What to work on: Repeat the data that follows, word for word, without the images.

Data extract:

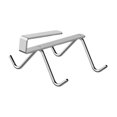 thumbnail image 2 of Elodie Cabinet Hook Mug Holder Cup Rack Hanging Rack for Coat Cups Kitchen Utensils 15x13cm, 2 of 8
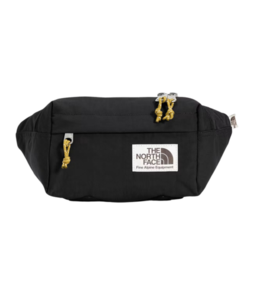 The North Face Berkeley Lumbar Hip Pack - TNF Black / Mineral Gold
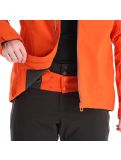 Thumbnail Helly Hansen, Alpha Lifaloft ski jacket men Patrol orange 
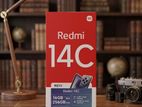 Xiaomi Redmi 14C 8GB 256GB (Brand New)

Written response:
 thumbnail image 2 of Elodie Cabinet Hook Mug Holder Cup Rack Hanging Rack for Coat Cups Kitchen Utensils 15x13cm, 2 of 8
 The North Face Berkeley Lumbar Hip Pack - TNF Black / Mineral Gold
 Thumbnail Helly Hansen, Alpha Lifaloft ski jacket men Patrol orange 
 Xiaomi Redmi 14C 8GB 256GB (Brand New)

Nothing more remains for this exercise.